What is the difference between a relation and a closure? I know what a transitive, reflexive and symmetric relation is. When I study transitive, reflexive and symmetric closure of a binary relation, I find it difficult to get an intuition and so am unable to differentiate it with their corresponding relations. So can anyone please give an analogy kind of thing to make it easy to understand "closure" and relation between a "relation" and its "closure"?
Today is the first day I've come across these terms  so apologies for this silly question (if it really is).
 A: Some nice people have tried answering my question, and now I've totally understood the concept. However, I recently came across a wonderful explanation to this topic, which I think will help the new comers having the same question. This explanation is from the book "Discrete mathematics and its applications" by Kenneth H. Rosen, pg 597, 598:

A computer network has data centers in Boston, Chicago, Denver,
  Detroit, New York, and San Diego. There are direct, one-way telephone
  lines from Boston to Chicago, from Boston to Detroit, from Chicago to
  Detroit, from Detroit to Denver, and from New York to San Diego. Let R
  be the relation containing (a, b) if there is a telephone line from
  the data center in a to that in b. How can we determine if there is
  some (possibly indirect) link composed of one or more telephone lines
  from one center to another? Because not all links are direct, such as
  the link from Boston to Denver that goes through Detroit, R cannot be
  used directly to answer this. In the language of relations, R is not
  transitive, so it does not contain all the pairs that can be linked.
  As we will show in this section, we can find all pairs of data centers
  that have a link by constructing a transitive relation S containing R
  such that S is a subset of every transitive relation containing R.
  Here, S is the smallest transitive relation that contains R. This
  relation is called the transitive closure of R.

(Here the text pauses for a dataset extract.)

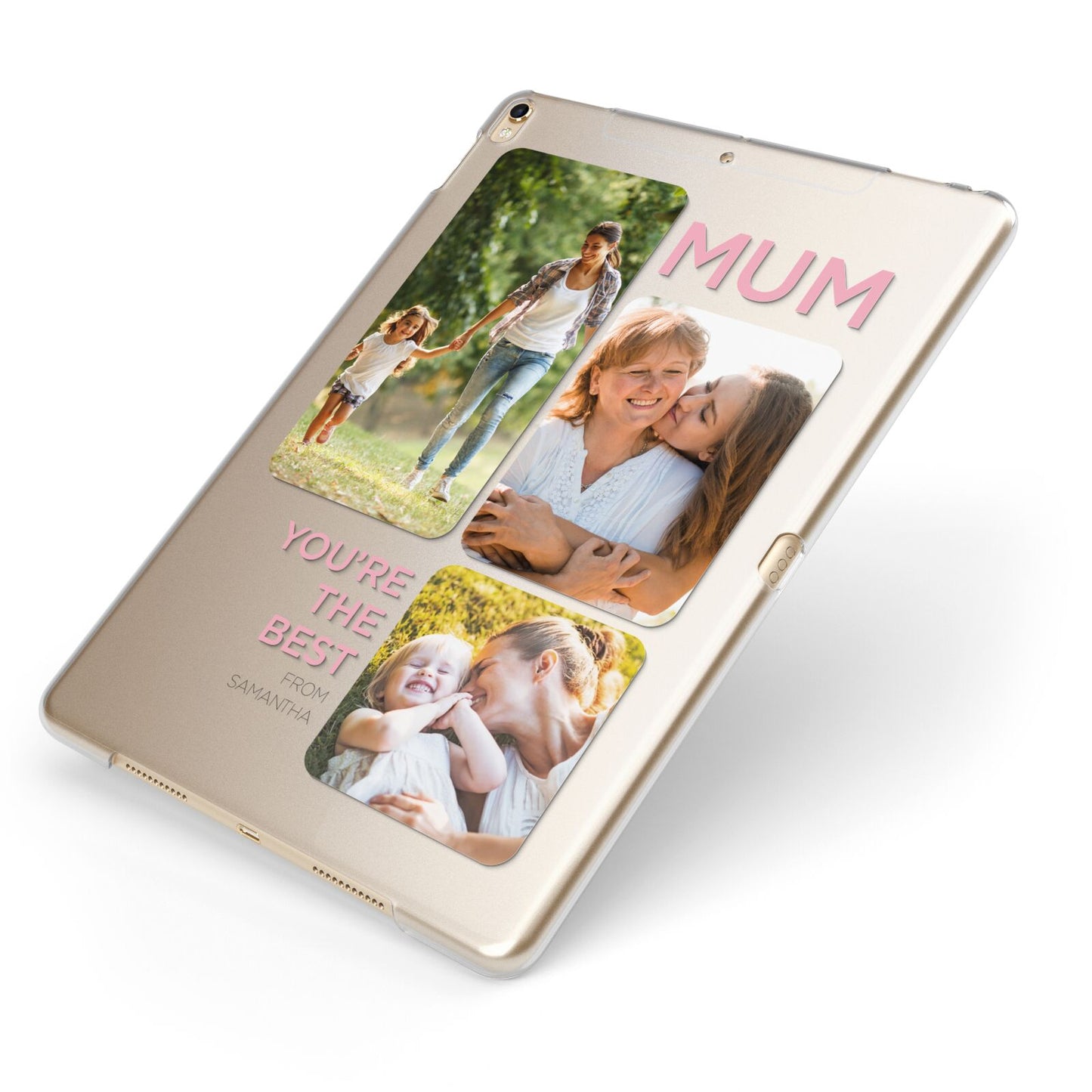 Personalised Mothers Day Apple iPad Case on Gold iPad Side View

In general, let R be a relation on a set A. R may or may not have some
  property P, such as reflexivity, symmetry, or transitivity. If there
  is a relation S with property P containing R such that S is a subset
  of every relation with property P containing R, then S is called the
  closure of R with respect to P. (Note that the closure of a relation
  with respect to a property may not exist; see Exercises 15 and 35.)We
  will show how reflexive, symmetric, and transitive closures of
  relations can be found.
The relation R = {(1, 1), (1, 2), (2, 1), (3, 2)} on the set A = {1,
  2, 3} is not reflexive. How can we produce a reflexive relation
  containing R that is as small as possible? This can be done by adding
  (2, 2) and (3, 3) to R, because these are the only pairs of the form
  (a, a) that are not in R. Clearly, this new relation contains R.
  Furthermore, any reflexive relation that contains R must also contain
  (2, 2) and (3, 3). Because this relation contains R, is reflexive, and
  is contained within every reflexive relation that contains R, it is
  called the reflexive closure of R.

A: If you have a relation $R$, its transitive closure $R^+$ is the smallest transitive relation such that $R \subseteq R^+$. If $R$ is already transitive, then $R = R^+$. So a transitive closure is also a relation, and it is the relation that is obtained by expanding the original relation in such a way as to make it transitive. The same idea applies to reflexive closure and symmetric closure.